From 1944 until 1993, it was known as the Central Studio for Documentary Film or CSDF (Центральная студия документальных фильмов, ЦСДФ).

In Soviet Union, the CSDF was responsible for newsreel series such as:
- News of the Day / "Новости дня"
- Foreign Newsreel / "Иностранная кинохроника"
- Soviet Sports / "Советский спорт"
- Soviet Cinema / "Советское кино"
- Pioneria / "Пионерия"

In 1944–1946 the studio director was Sergei Gerasimov. The studio produced a number of documentary films about the Great Patriotic War, including Moscow Strikes Back, winner of the 1942 Academy Award for Best Documentary.

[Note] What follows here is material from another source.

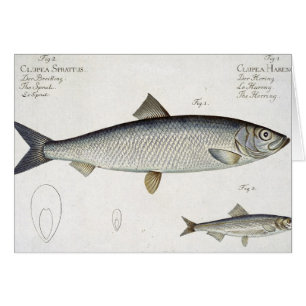 Herring (Clupea Harengus) (Fig. 1) and Sprat (Clup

At the end of 2014, the studio's premises in Kulakov Lane were transferred to the Russian Orthodox Church. In 2015, part of the archive related to the administrative and economic activities of the studio was moved to the premises of Mosfilm's Cinema Museum and the remaining part was transferred to the Russian State Film and Photo Archive. From that moment on, the production activities of the studio were stopped. By order of Rosimushchestvo, the deadline for the liquidation of studio was set at the end of 2015. The final liquidation took place in July 2018.

== Filmography ==
- Secret and Explicit (The Aims and Acts of Zionists)
- Pobeda na Pravoberezhnoi Ukraine i izgnaniye nemetsikh zakhvatchikov za predeli Ukrainskikh sovetskikh zemel (1945)
- The City That Stopped Hitler: Heroic Stalingrad
- Stalingrad (1943)
- Bitva za nashu Sovetskuyu Ukrainu (1943)
- Narodniye mstiteli (1943)
- Den voyny (1942)
- Den novogo mira (1940)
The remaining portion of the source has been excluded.